Stent implantation is the primary
method used to treat coronary
heart disease. However, it is associated with complications such as
restenosis and late thrombosis. Despite surface modification being
an effective way to improve the biocompatibility of stents, the current
research studies are not focused on changes in the vascular microenvironment
at the implantation site. In the present study, an adaptive drug-loaded
coating was constructed on the surface of vascular stent materials
that can respond to oxidative stress at the site of vascular lesions.

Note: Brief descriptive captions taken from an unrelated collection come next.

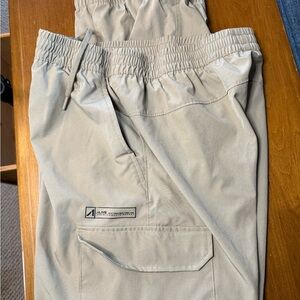 ALIVE Beige Quick-Dry Cargo Pants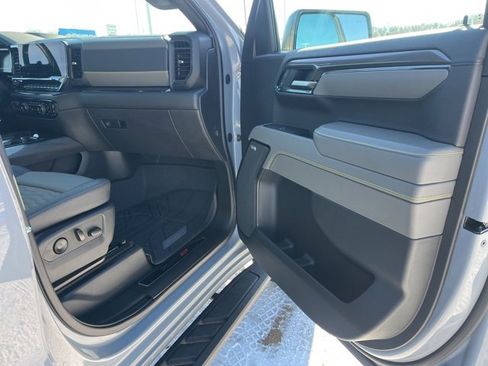 Used 2025 Chevrolet Silverado 1500 ZR2 w/ Technology Package image 52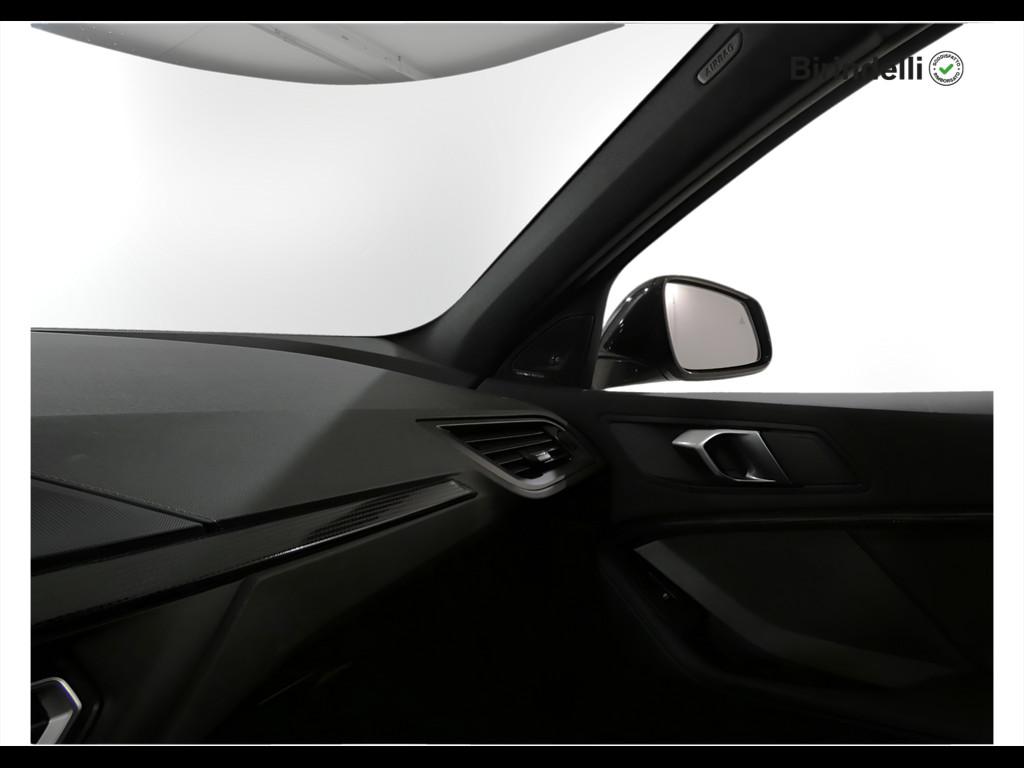 BMW Serie 1 (F40) - M 135i xDrive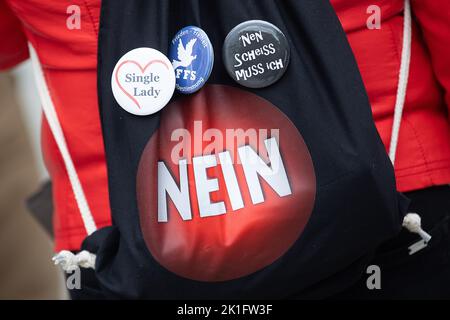 18 septembre 2022, Hessen, Francfort-sur-le-main: 'No' est écrit sur le sac à dos d'un démonstrateur lors d'une démonstration pro-russe à l'Opernplatz. Dans la métropole de main, dimanche, des manifestants pro-russes protestent contre les sanctions contre la Russie. Dans le même temps, une contre-manifestation en faveur de l'Ukraine a lieu. Photo: Sebastian Gollnow/dpa Banque D'Images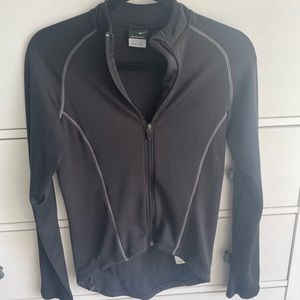 Women’s Nike thermal athleisure jacket!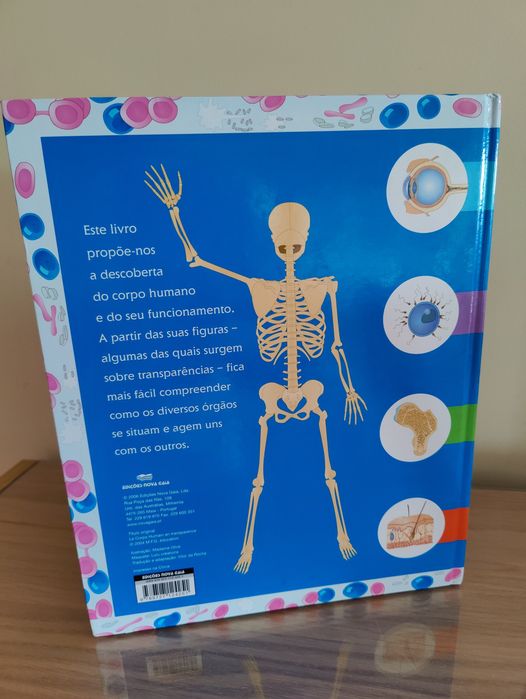 Livro cartonado O corpo humano em transparências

Two functional molecules, epigallocatechin gallate (EGCG) and cysteine
hydrochloride, were employed to fabricate a coating on the surface
of 316L stainless steel. In addition, the coating was used as a drug
carrier to load pitavastatin calcium. EGCG has antioxidant activity,
and pitavastatin calcium can inhibit smooth muscle cell proliferation.
Therefore, EGCG and pitavastatin calcium provided a synergistic anti-inflammatory
effect. Moreover, the coating was cross-linked using disulfide bonds,
which accelerated the release of the drug in response to reactive
oxygen species. A positive correlation was observed between the rate
of drug release and the degree of oxidative stress. Collectively,
this drug-loaded oxidative stress-responsive coating has been demonstrated
to significantly inhibit inflammation, accelerate endothelialization,
and reduce the risk of restenosis of vascular stents in vivo.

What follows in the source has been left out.